What to do: The full listing is to be transcribed exactly, with each picture left out.
*** Opening of Information supplied ***
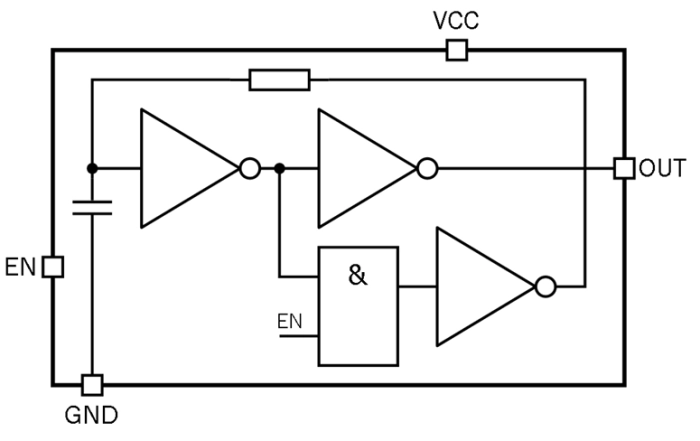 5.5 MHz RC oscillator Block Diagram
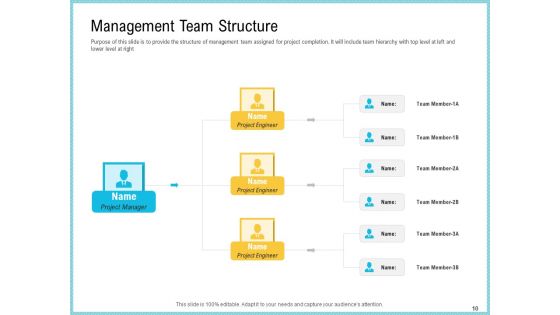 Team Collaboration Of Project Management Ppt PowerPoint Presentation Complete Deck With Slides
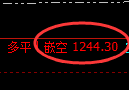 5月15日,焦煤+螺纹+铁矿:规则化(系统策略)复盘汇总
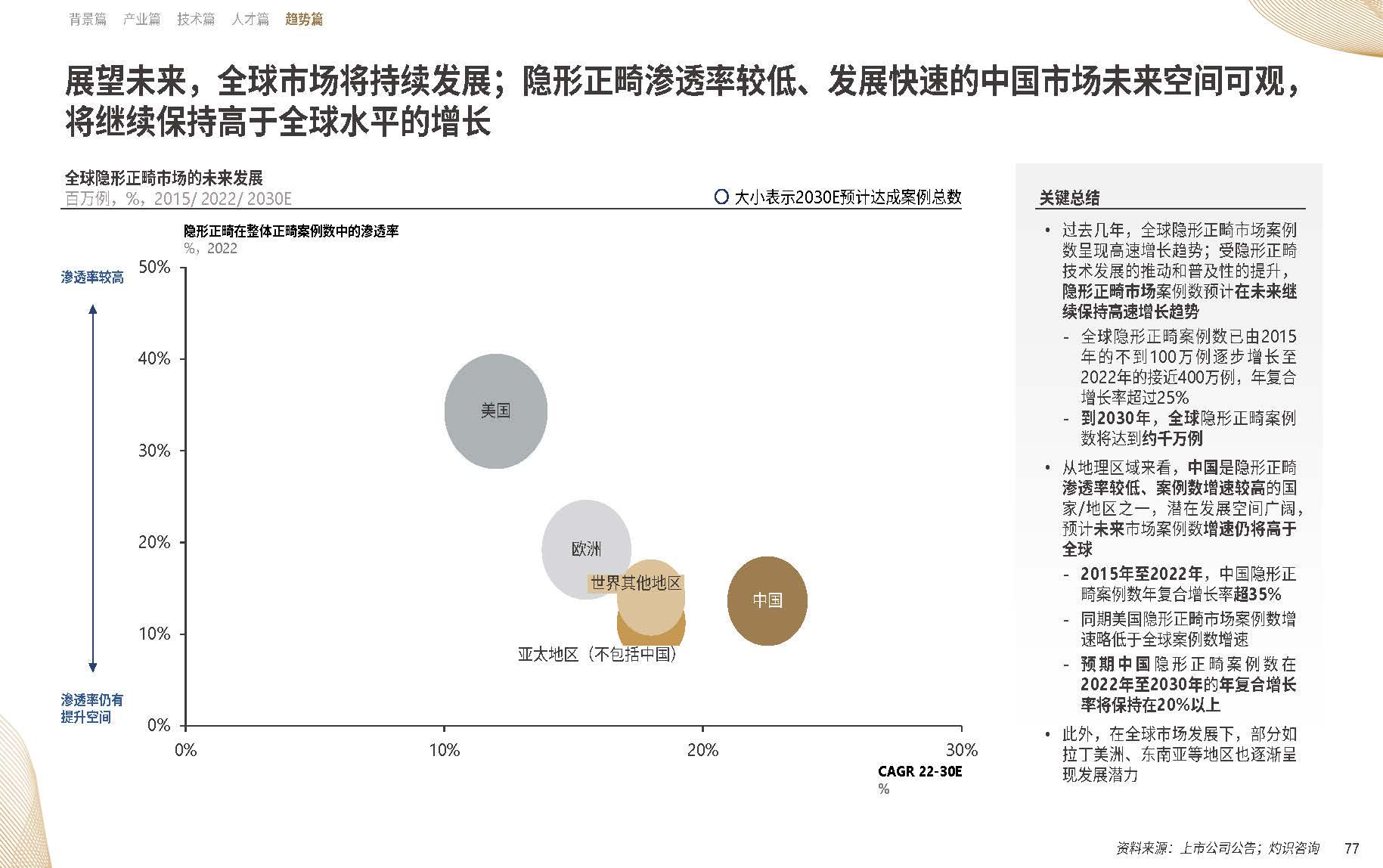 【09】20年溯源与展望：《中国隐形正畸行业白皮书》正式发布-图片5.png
*** Close of Information supplied ***
Answer below:
 5.5 MHz RC oscillator Block Diagram
 Team Collaboration Of Project Management Ppt PowerPoint Presentation Complete Deck With Slides
 5月15日,焦煤+螺纹+铁矿:规则化(系统策略)复盘汇总
 【09】20年溯源与展望：《中国隐形正畸行业白皮书》正式发布-图片5.png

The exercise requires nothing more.